* **Input data**

+---+

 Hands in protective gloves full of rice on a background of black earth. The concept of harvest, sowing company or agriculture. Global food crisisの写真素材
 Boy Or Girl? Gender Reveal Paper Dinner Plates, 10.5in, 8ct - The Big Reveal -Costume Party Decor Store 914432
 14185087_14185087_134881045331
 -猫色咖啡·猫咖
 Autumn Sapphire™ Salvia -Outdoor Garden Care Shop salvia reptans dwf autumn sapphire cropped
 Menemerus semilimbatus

+---+

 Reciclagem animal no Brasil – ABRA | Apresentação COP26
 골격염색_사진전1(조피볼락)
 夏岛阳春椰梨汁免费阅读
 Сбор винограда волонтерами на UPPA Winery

+---+

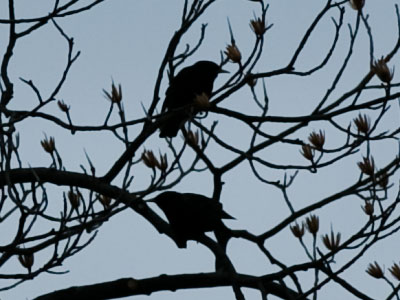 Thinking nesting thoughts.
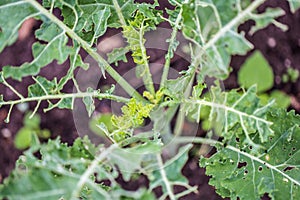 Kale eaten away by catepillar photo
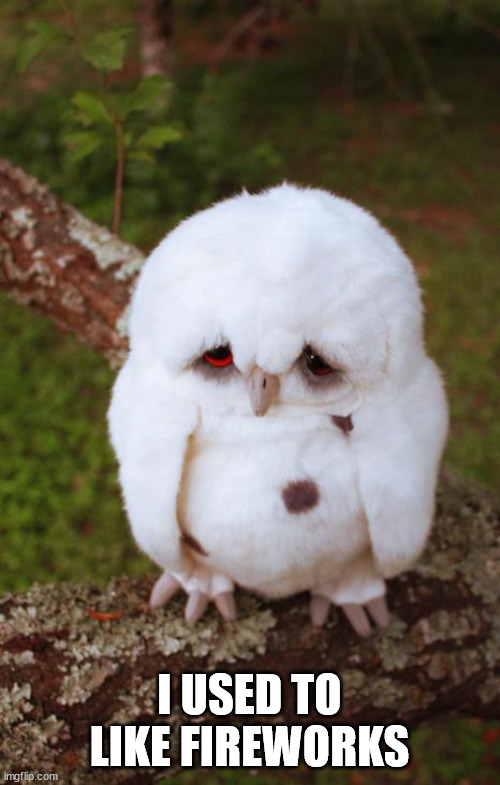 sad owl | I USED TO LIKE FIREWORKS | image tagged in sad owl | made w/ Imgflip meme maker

+---+

* **Directions for this task**
The line above containing "夏岛阳春椰梨汁免费阅读", the line containing "Сбор винограда волонтерами на UPPA Winery", and every line between them are to be transcribed exactly; no other line is wanted.

* **Finished task**
 夏岛阳春椰梨汁免费阅读
 Сбор винограда волонтерами на UPPA Winery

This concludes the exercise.